--- SOURCE DATA Enclosed Below ---

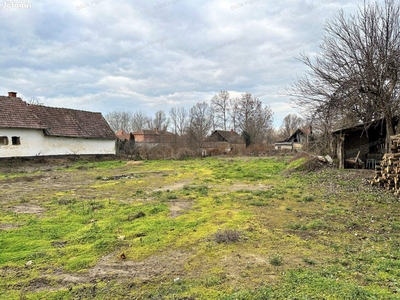 Jánoshalma, Deák Ferenc utcában, 1295 nm-es telek eladó - Jánoshalma, Bács-Kiskun - Telek, föld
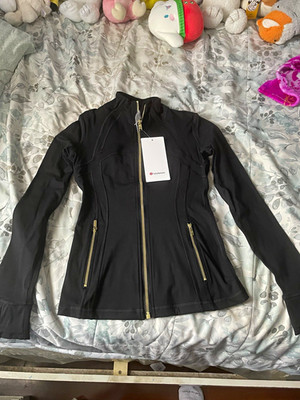 Lululemon Define Jacket SIZE 4 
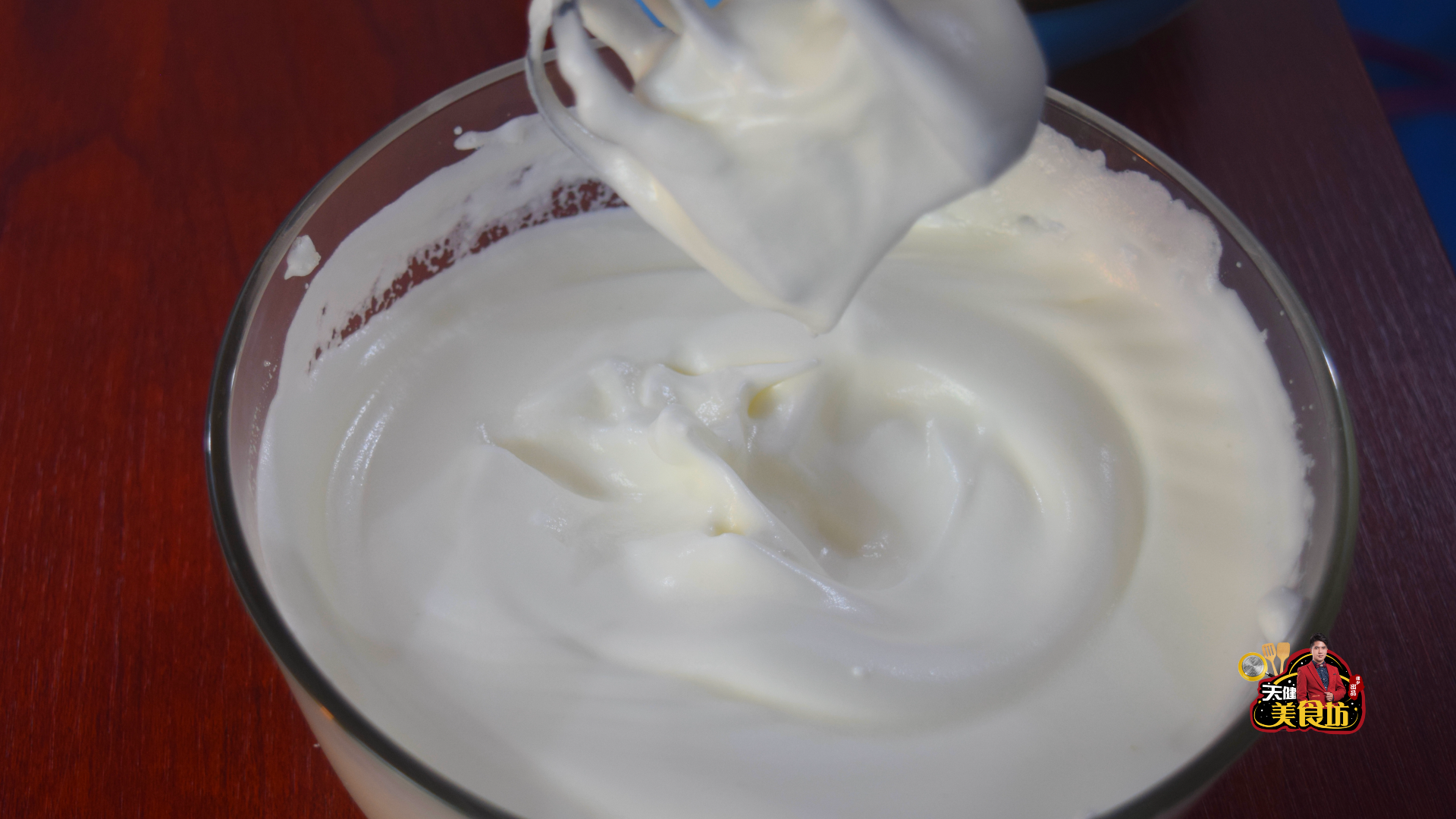 蛋糕最近火了，教你在家做蒸蛋糕，蓬松暄软不塌陷不开裂，零失败（怎样做蒸蛋糕又松又软窍门视频）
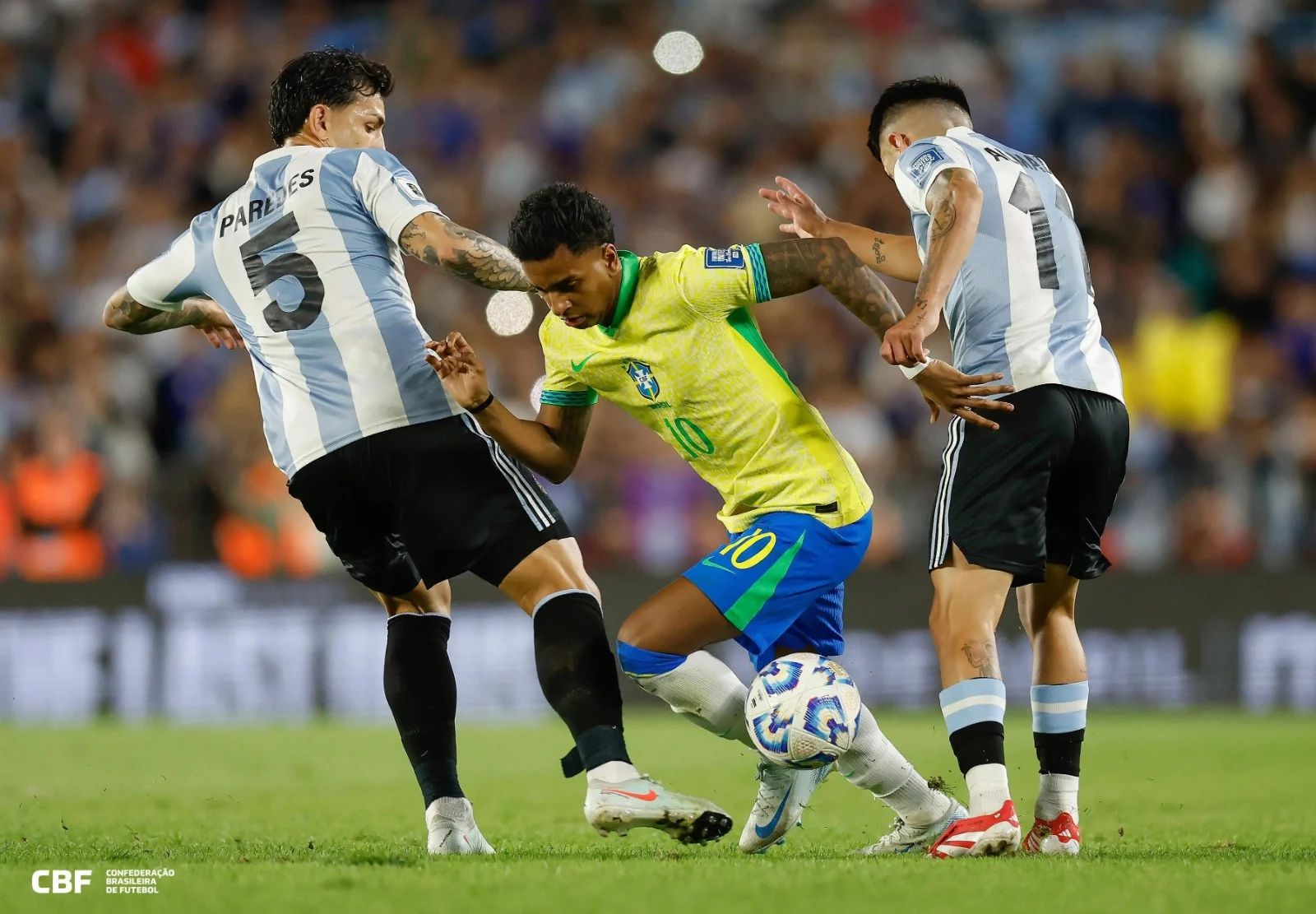EM NOITE PARA ESQUECER, BRASIL É GOLEADO PELA ARGENTINA POR 4 A 1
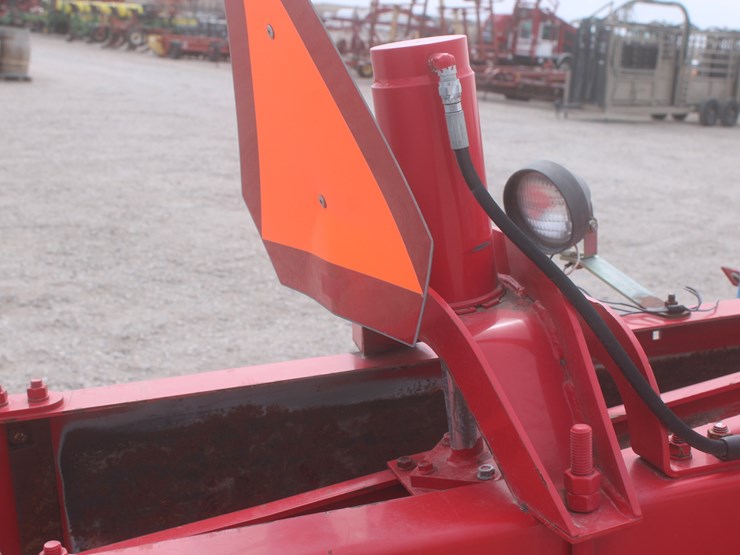 2015-massey-ferguson-1840-image-28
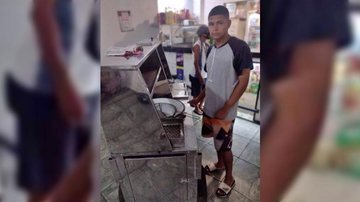 Breno da Silva trabalha desde os 14 anos no ramo da alimentação - Divulgação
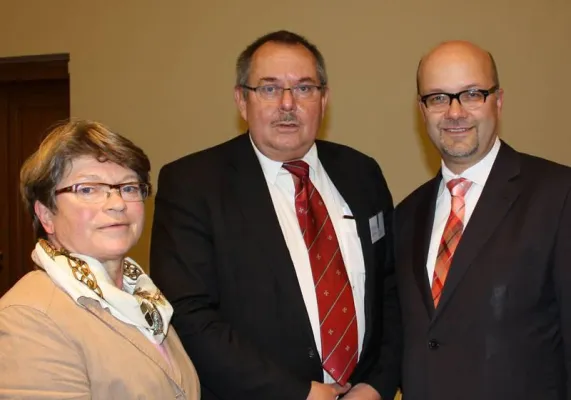 Dr. Fritz Felgentreu neuer Vorsitzender des Volksbund-Landesverbands Berlin Bild: Dr. Fritz Felgentreu neuer Vorsitzender des Volksbund-Landesverbands Berlin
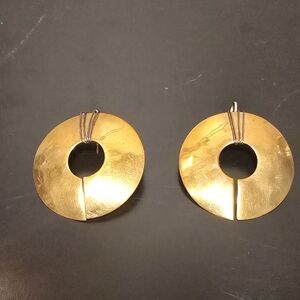 Vintage Modernist Gold Tone Hammered Disc Drop Earrings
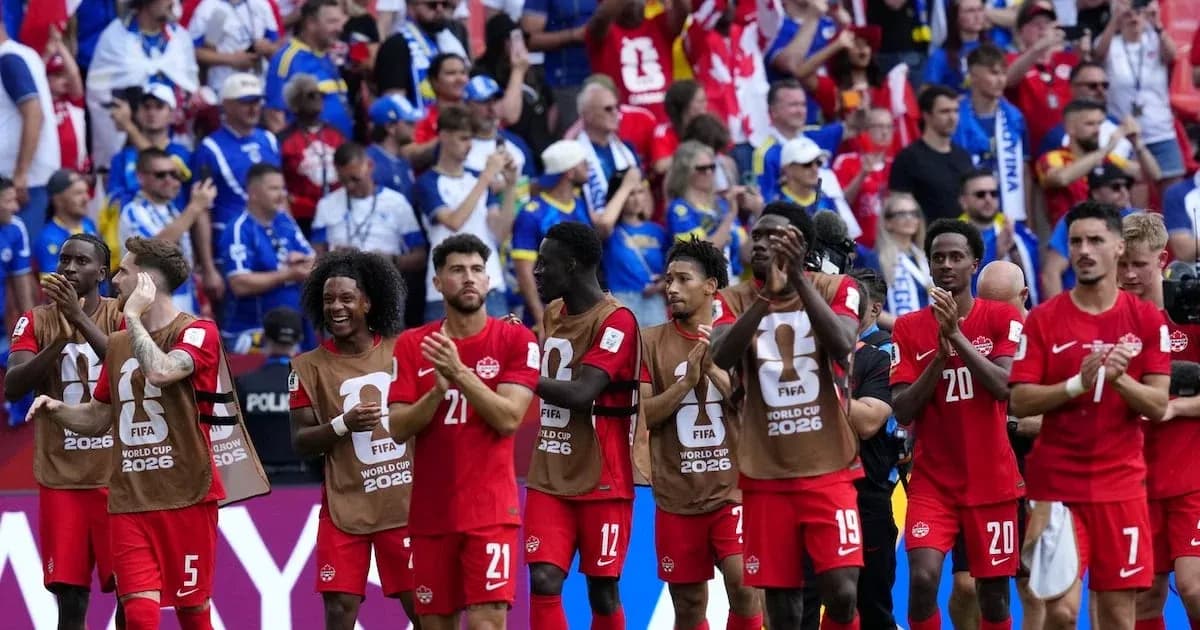 Canada team applauding fans after match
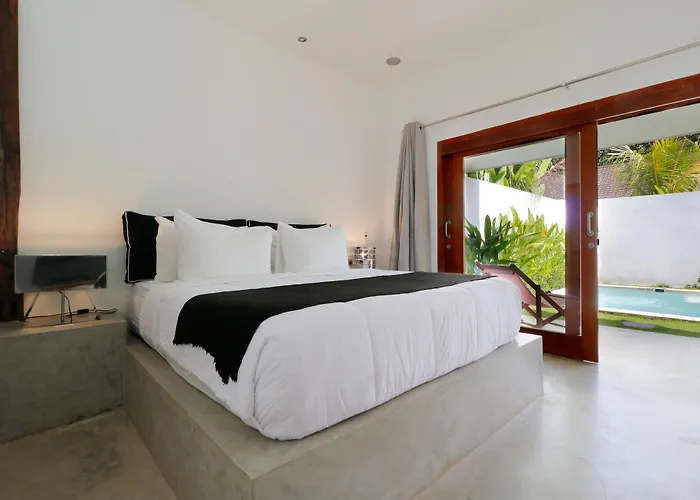 The * Ubud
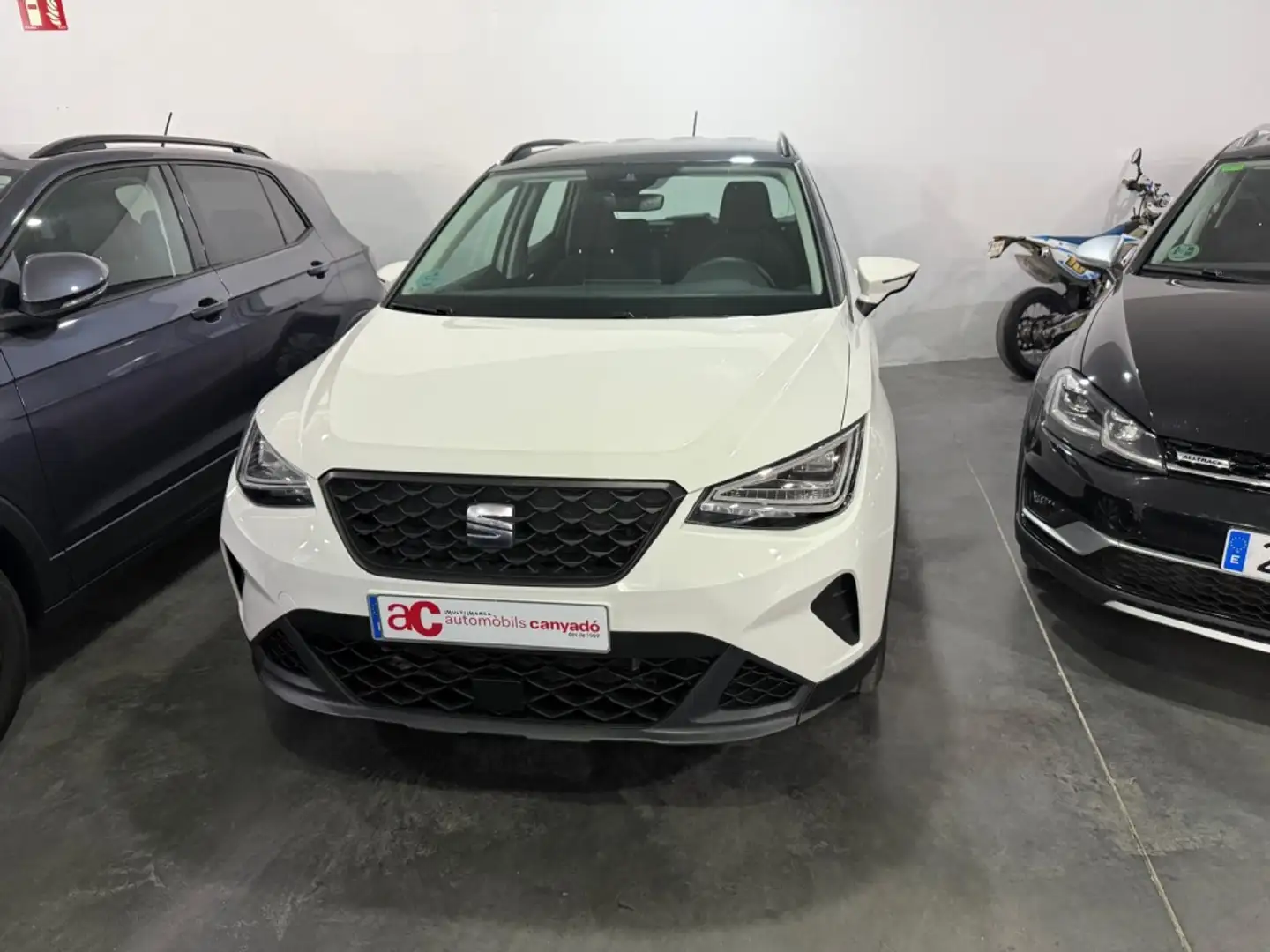 SEAT Arona 1.0 TSI S&S Style Special Edition 115 Blanco - 1
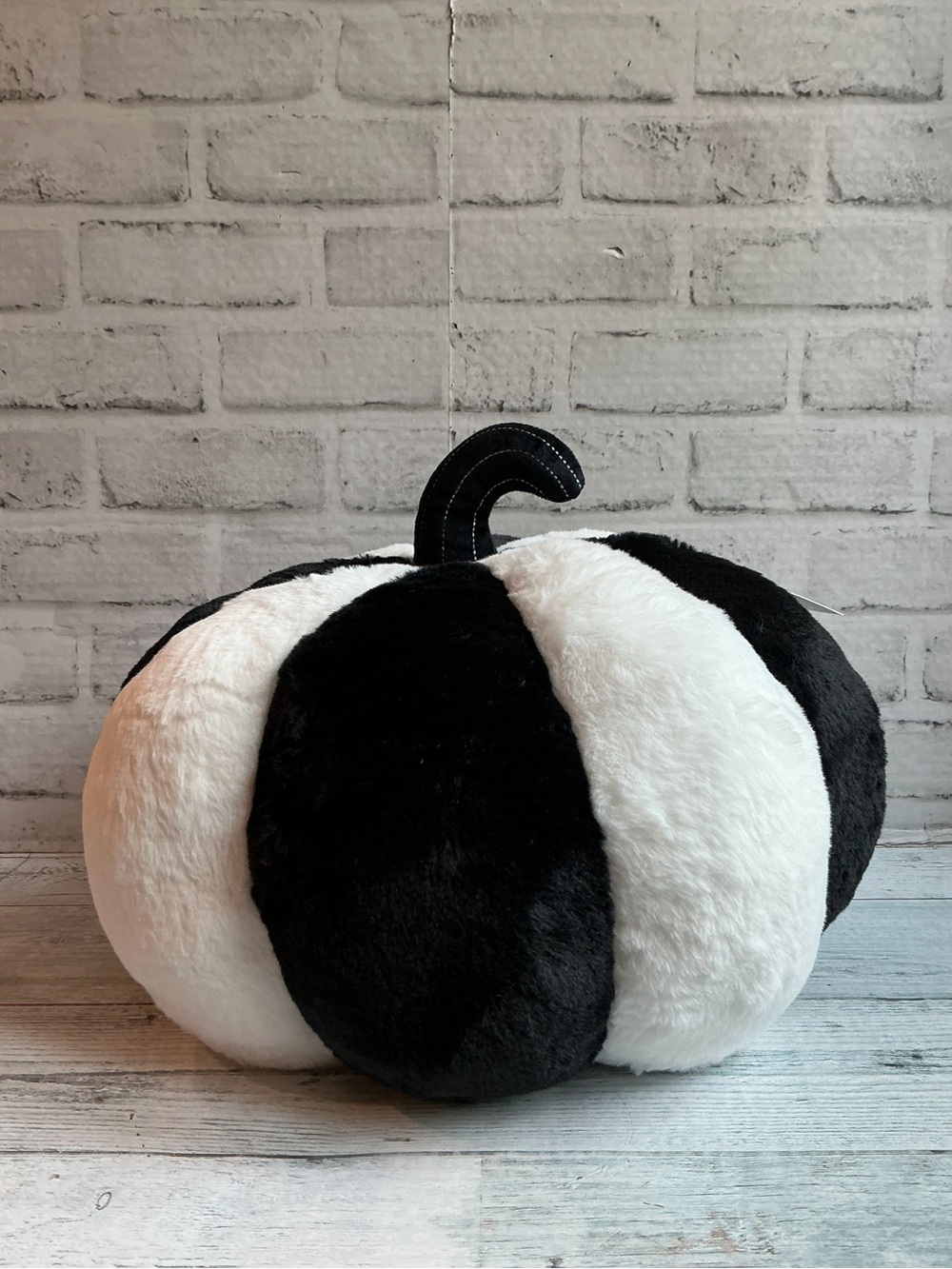 MARTHA STEWART 14x13 Two Tone Koda 3d Pumpkin Pillow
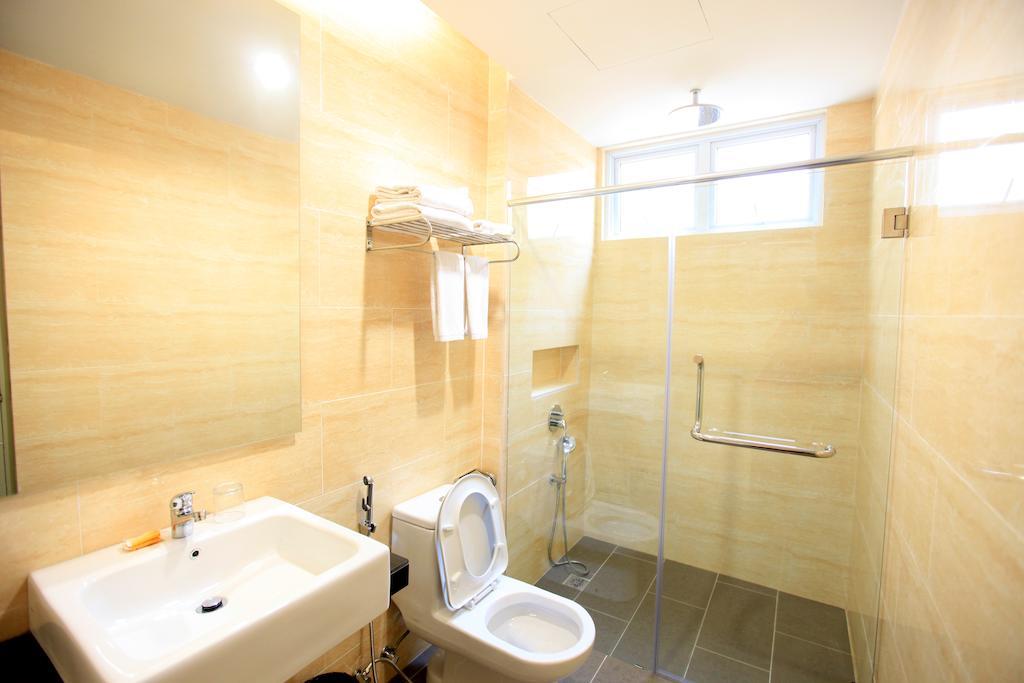 Merdeka Suites Hotel Мири Стая снимка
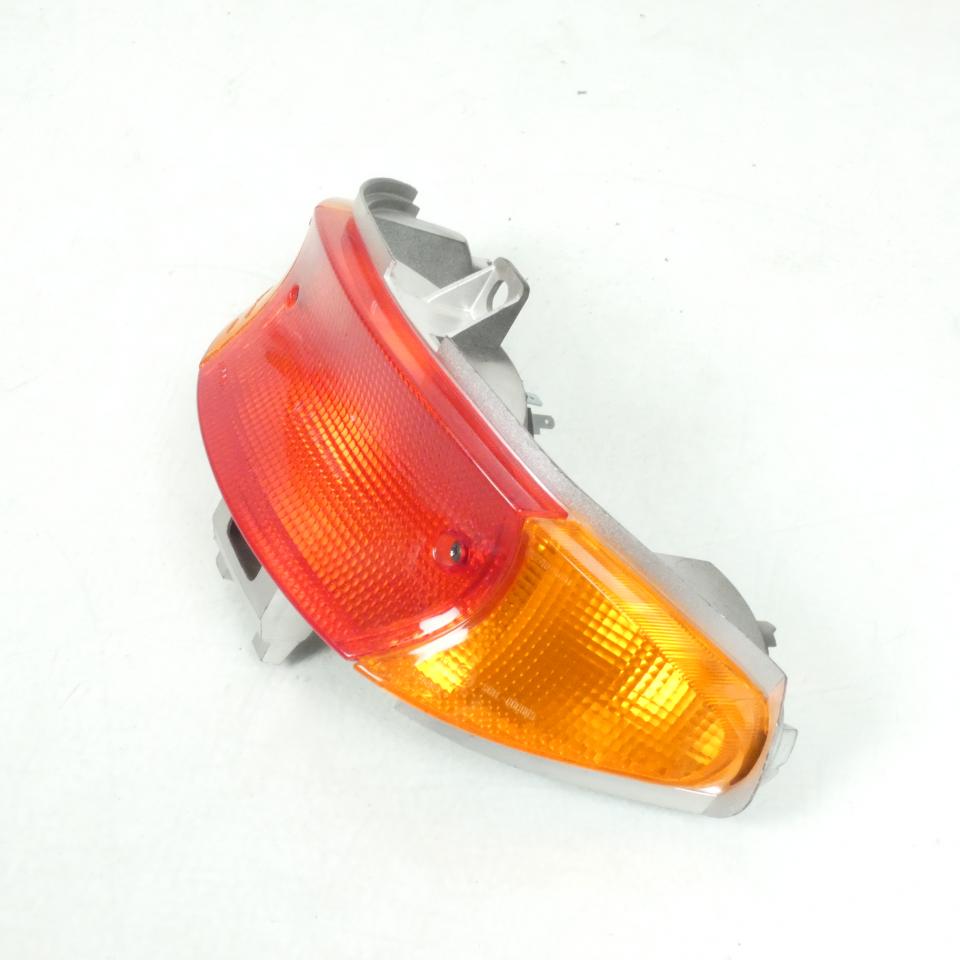 Feu arrière origine pour Scooter Peugeot 50 Buxy Avant 2020 736723 Neuf en destockage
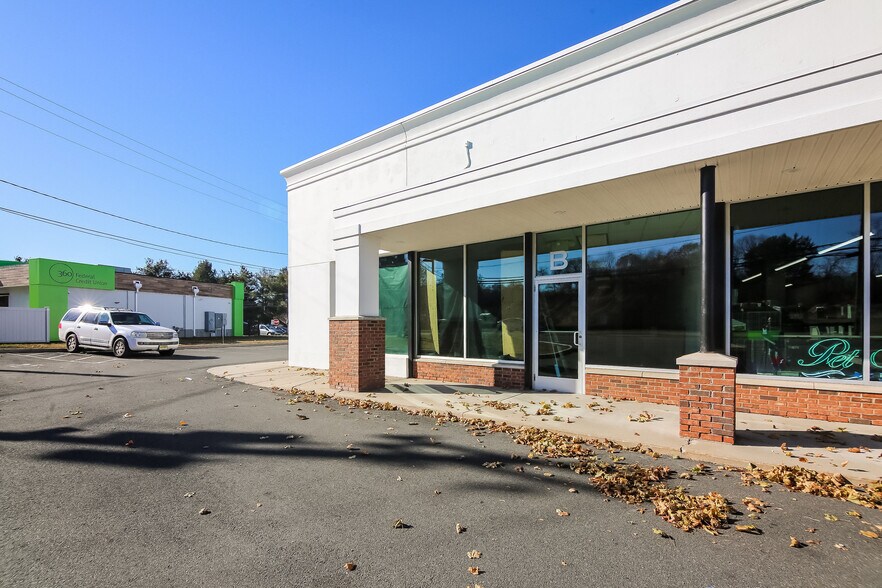 More Photos Of 425 Talcottville Rd, Vernon Freestanding For Lease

--- End of Enclosed SOURCE DATA ---

**TASK INSTRUCTIONS**
Give the listing again word for word. Skip any pictures.

**ANSWER TO THE EXERCISE**
 Jánoshalma, Deák Ferenc utcában, 1295 nm-es telek eladó - Jánoshalma, Bács-Kiskun - Telek, föld
 Lululemon Define Jacket SIZE 4 
 蛋糕最近火了，教你在家做蒸蛋糕，蓬松暄软不塌陷不开裂，零失败（怎样做蒸蛋糕又松又软窍门视频）
EM NOITE PARA ESQUECER, BRASIL É GOLEADO PELA ARGENTINA POR 4 A 1
 2015-massey-ferguson-1840-image-28
 Breno da Silva trabalha desde os 14 anos no ramo da alimentação - Divulgação
 Dr. Fritz Felgentreu neuer Vorsitzender des Volksbund-Landesverbands Berlin Bild: Dr. Fritz Felgentreu neuer Vorsitzender des Volksbund-Landesverbands Berlin
 Vintage Modernist Gold Tone Hammered Disc Drop Earrings
 Canada team applauding fans after match
 The * Ubud
 SEAT Arona 1.0 TSI S&S Style Special Edition 115 Blanco - 1
 MARTHA STEWART 14x13 Two Tone Koda 3d Pumpkin Pillow
 Merdeka Suites Hotel Мири Стая снимка
 Feu arrière origine pour Scooter Peugeot 50 Buxy Avant 2020 736723 Neuf en destockage
 More Photos Of 425 Talcottville Rd, Vernon Freestanding For Lease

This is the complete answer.